21. The method of clause 20, wherein:
-
- forming the one or more first metal interconnects comprises forming the one or more first metal interconnects each of a first width in the first metal layer; and
- forming the one or more second metal interconnects comprises forming the one or more second metal interconnects each of a second width less than the first width in the first metal layer.
22. The method of any of clauses 18 to 21, wherein forming the pad metallization layer further comprises:
-
- forming a pad via layer adjacent to the pad metal layer, and
- forming one or more pad vias in the pad via layer each coupled to a first metal interconnect of the one or more first metal interconnects and to a metal pad of the one or more metal pads.
23. The method of clause 22, wherein forming the first metallization layer further comprises:
-
- forming a first via layer adjacent to the first metal layer; and
- forming one or more first vias each coupled to a first metal interconnect of the one or more first metal interconnects.

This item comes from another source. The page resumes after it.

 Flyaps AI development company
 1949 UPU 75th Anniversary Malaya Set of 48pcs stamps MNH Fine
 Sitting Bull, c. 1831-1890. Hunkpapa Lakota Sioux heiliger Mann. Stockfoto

24. The method of clause 23, further comprising forming a second metallization layer adjacent to the first metallization layer such that the first metallization layer is disposed between the second metallization layer and the pad metallization layer,
-
- wherein forming the second metallization layer comprises forming a second metal layer comprising one or more second metal interconnects.
25. The method of any of clauses 22 to 24, wherein:
-
- forming the first via layer in the first metallization layer comprises forming the first via layer having a third thickness; and
- forming the pad via layer in the pad metallization layer comprises forming the pad via layer having a fourth thickness less than the third thickness.
Claims
1. A package substrate, comprising:
- a first metallization layer, comprising: a first metal layer having a first thickness, the first metal layer comprising one or more first metal interconnects;
- a pad metallization layer comprising a first surface disposed adjacent to the first metallization layer and a second surface opposite the first surface, the pad metallization layer comprising: a pad metal layer having a second thickness less than the first thickness, the pad metal layer comprising one or more metal pads adjacent to the second surface and each coupled to a first metal interconnect of the one or more first metal interconnects; and
- one or more external interconnects each coupled to a metal pad of the one or more metal pads.

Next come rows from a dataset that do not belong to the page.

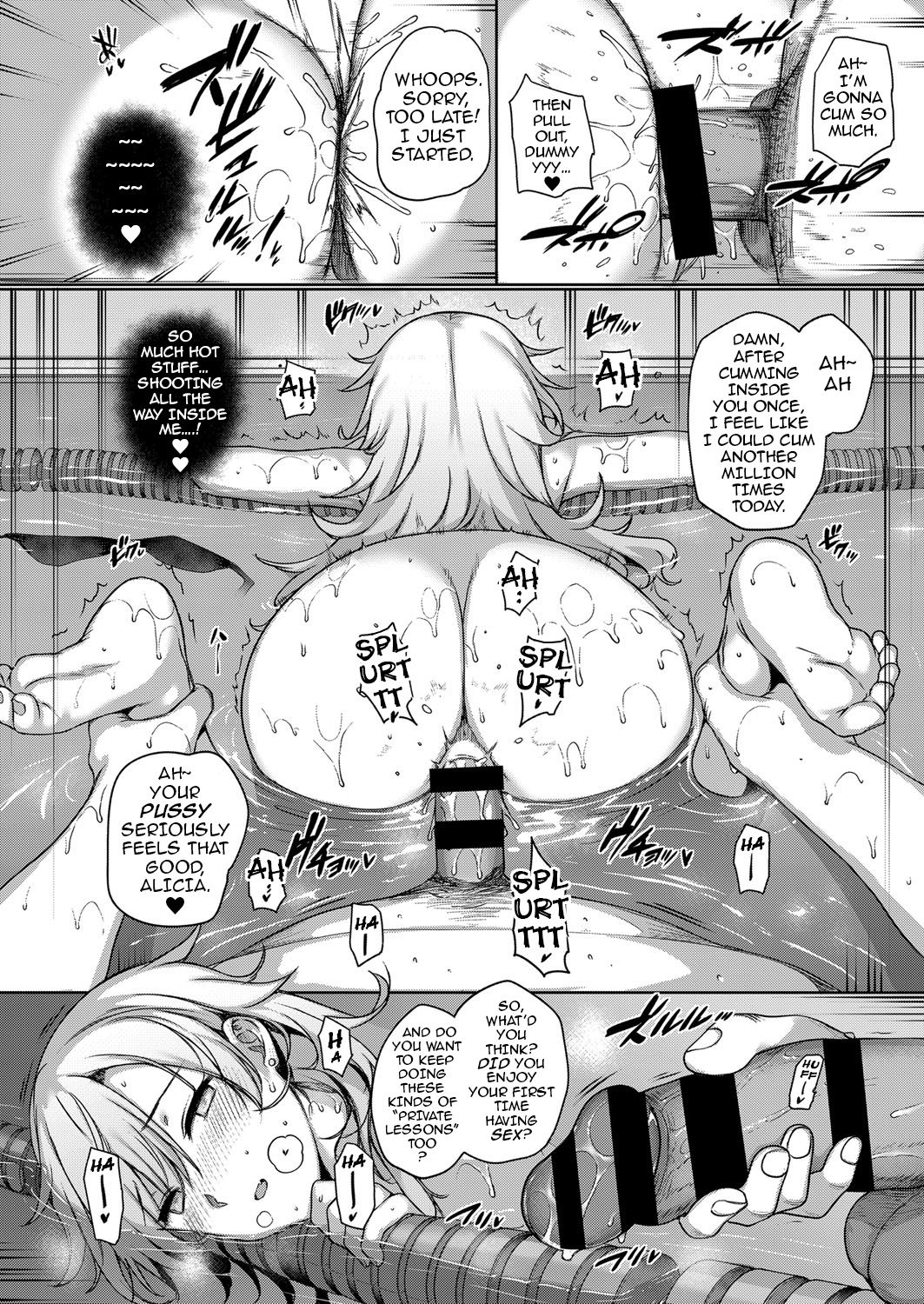 [Katsurai Yoshiaki] Amatsuka Gakuen no Ryoukan Seikatsu | Angel Academy's Hardcore Dorm Sex Life 1, 3.5-5 [English] {darknight} [Digital] [桂井よしあき] 天使学園の寮姦性活 3.5-5 [英訳] [DL版]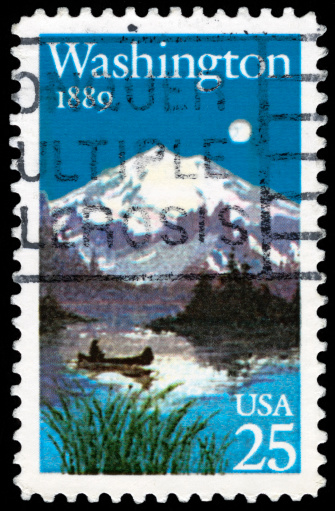 Cancelled Stamp From The United States: Washington.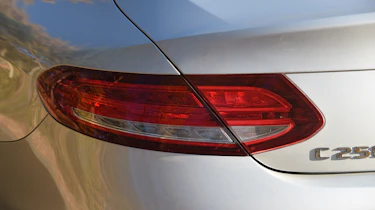 Mercedes C-Class Coupe - rear light detail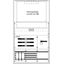 KS448 Measurement and metering transformer cabinet, Field width: 3, Rows: 0, 1400 mm x 800 mm x 215 mm, Isolated (Class II), IP31 thumbnail 7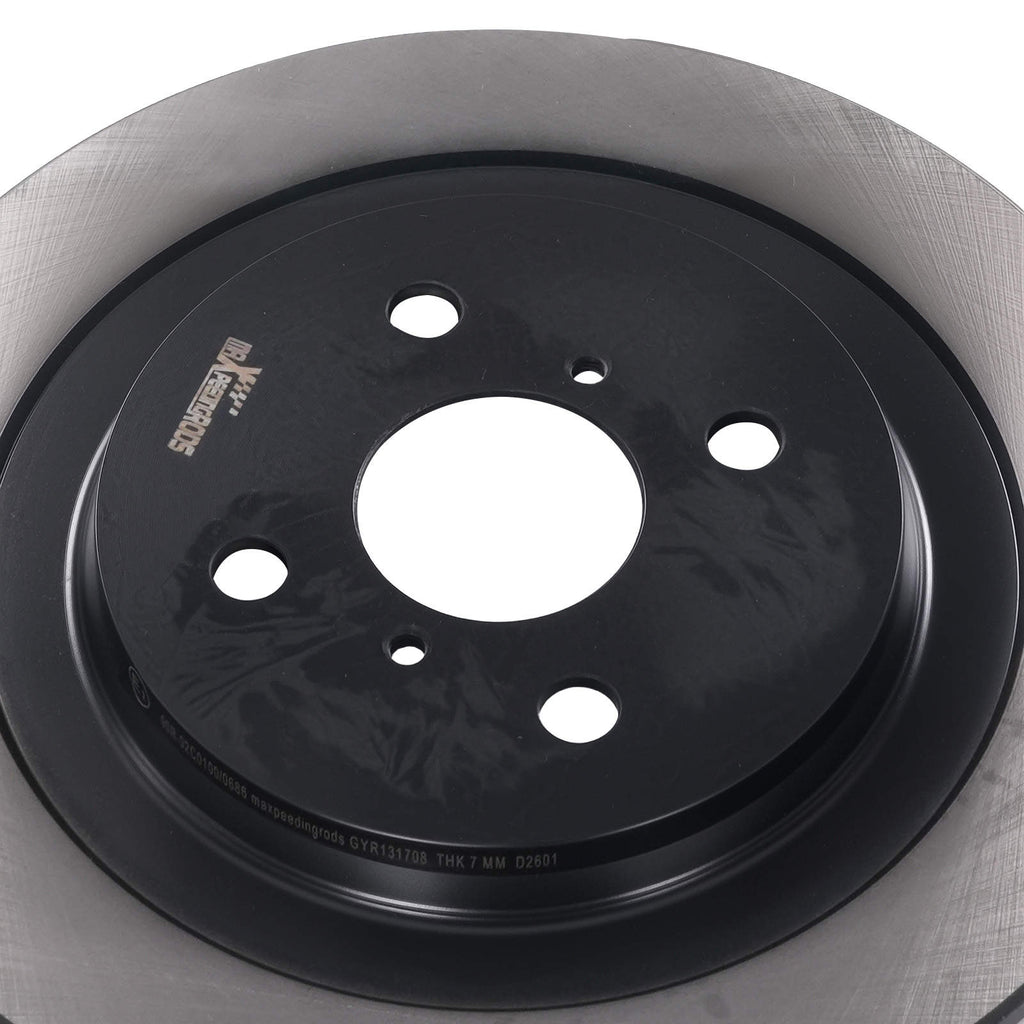Front and Rear Brake Discs Pads Kit compatible for Toyota Yaris/Vitz P9 Hatch 2006-2011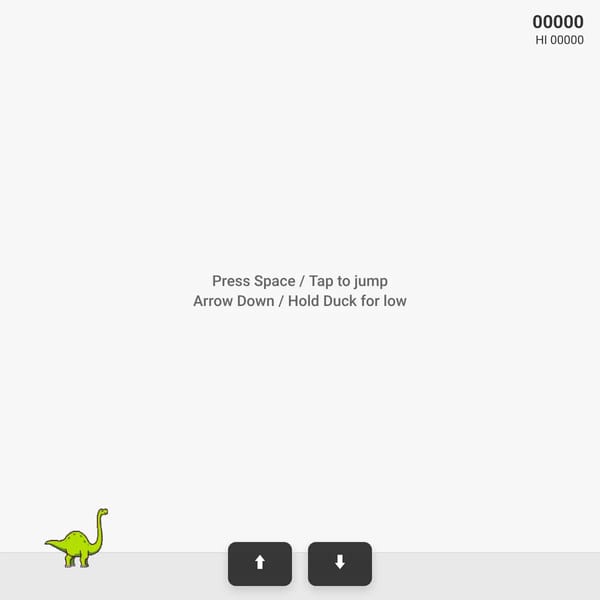 Chrome Dino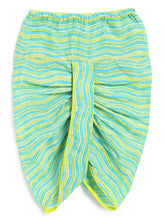 Load image into Gallery viewer, Campana Boys Bansi Dhoti Kurta Set - Buta & Zigzag Print - Blue & Lime Green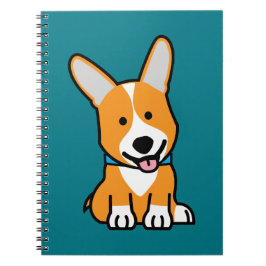 Caderno Espiral Os Corgis do Corgi perseguem o Pembroke feliz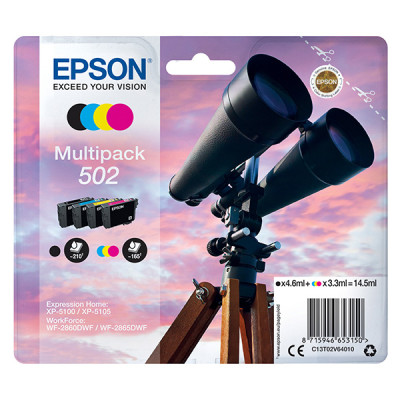 Originálny atrament Epson T02V6 (C13T02V64010, 502), CMYK, 3 x 3,3/4,6 ml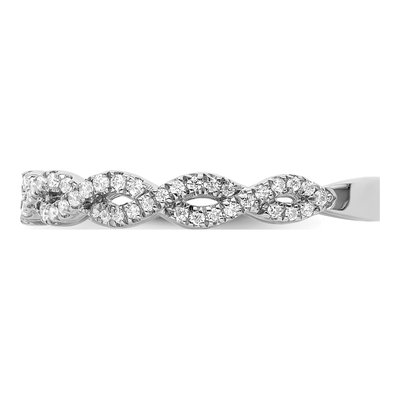 14K White Gold 0.28 ct tw Diamond Twisted Wedding Band – view 3
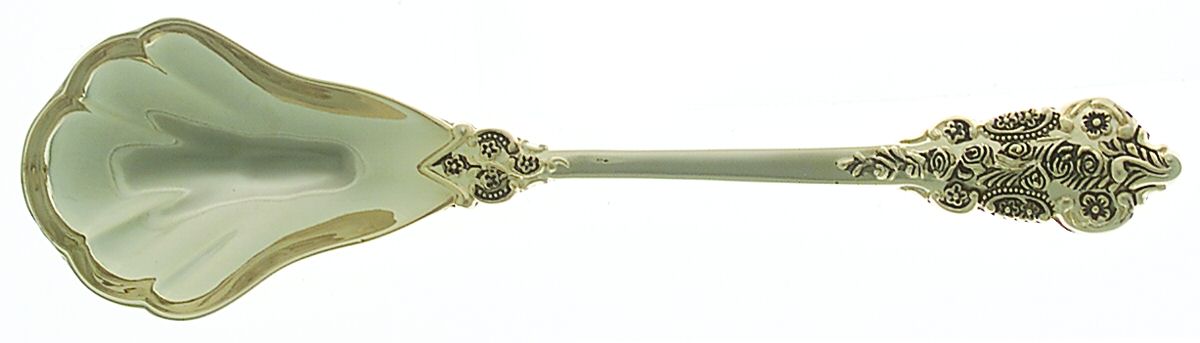 Golden Grand Antique (Gold Electroplate) Sugar Shell Spoon by International Silver-1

2. The package substrate of claim 1, wherein each metal pad of the one or more metal pads is coupled to an external interconnect of the one or more external interconnects.

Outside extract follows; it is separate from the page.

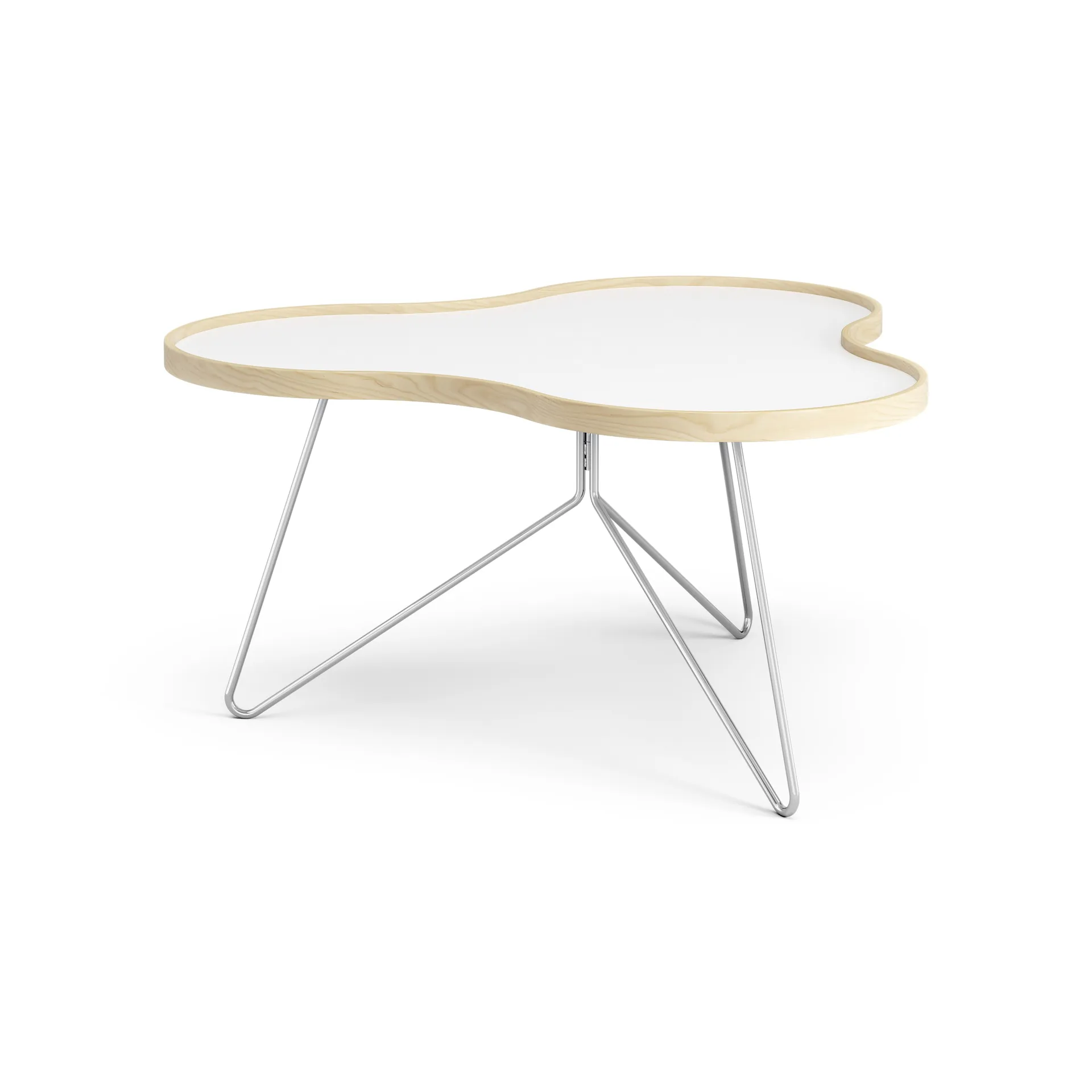 Flower tafel 84 x 90cm, H45cm Berk gelakt Swedese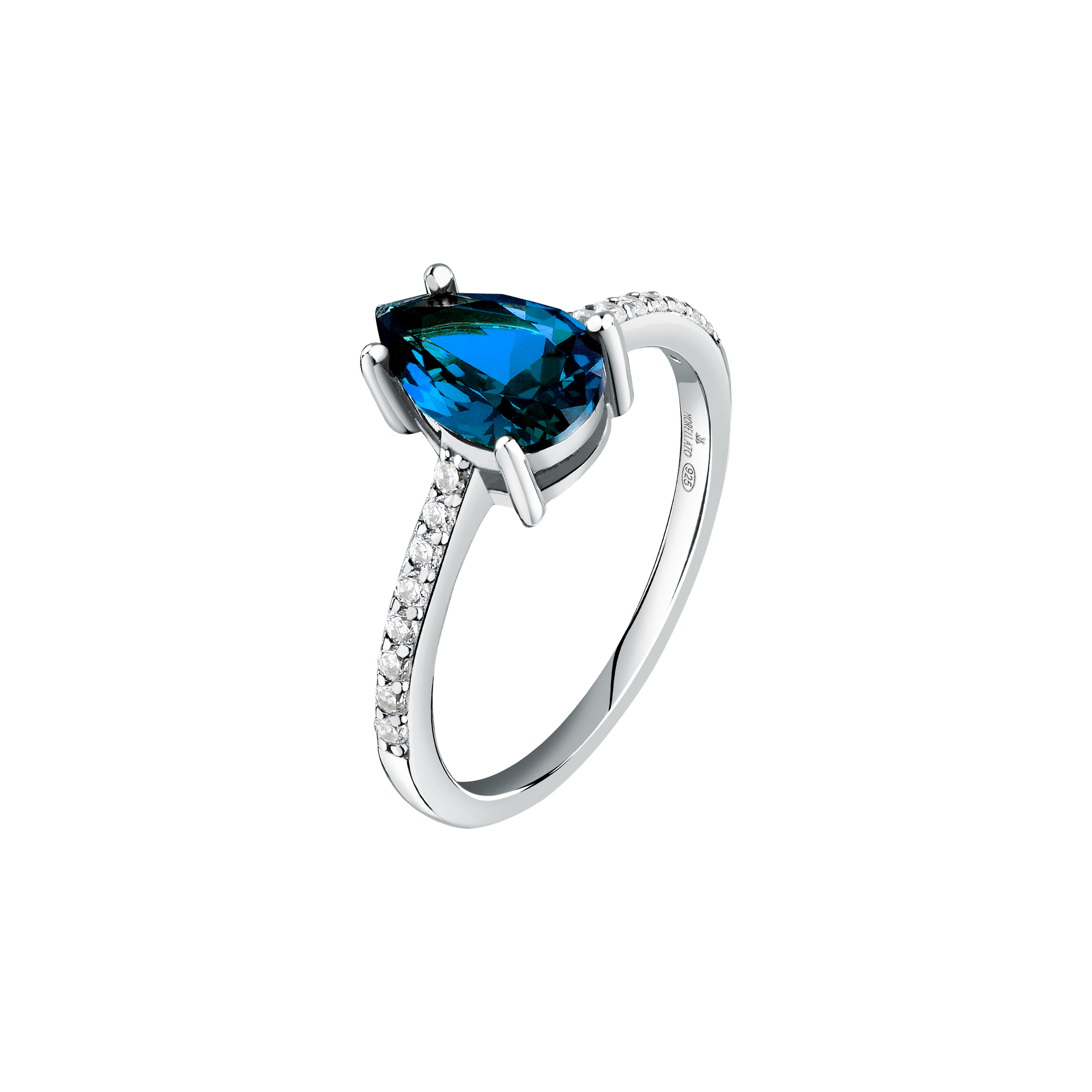 Bague en acier, cristaux, ipg TESORI, MORELLATO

3. The package substrate of claim 1, wherein:
- the first metallization layer further comprises one or more second metal interconnects; and
- each of the one or more second metal interconnects are not coupled to a metal pad of the one or more metal pads.
4. The package substrate of claim 3, wherein:
- the one or more first metal interconnects each have a first width; and
- the one or more second metal interconnects each have a second width less than the first width.
5. The package substrate of claim 1, wherein a ratio of the first thickness of the first metal layer to the second thickness of the pad metal layer is at least 1.2.
6. The package substrate of claim 1, wherein:
- the first thickness of the first metal layer is between twelve (12) micrometers (μm) sixteen (16) μm; and
- the second thickness of the pad metal layer is between ten (10) μm and twelve (12) μm.
7. The package substrate of claim 1, wherein the pad metallization layer further comprises a pad via layer disposed adjacent to the pad metal layer;
- the pad via layer comprising one or more pad vias each coupled to a first metal interconnect of the one or more first metal interconnects and to a metal pad of the one or more metal pads.
8. The package substrate of claim 7, wherein the first metallization layer further comprises a first via layer disposed adjacent to the first metal layer,
- the first via layer comprising one or more first vias each coupled to a first metal interconnect of the one or more first metal interconnects.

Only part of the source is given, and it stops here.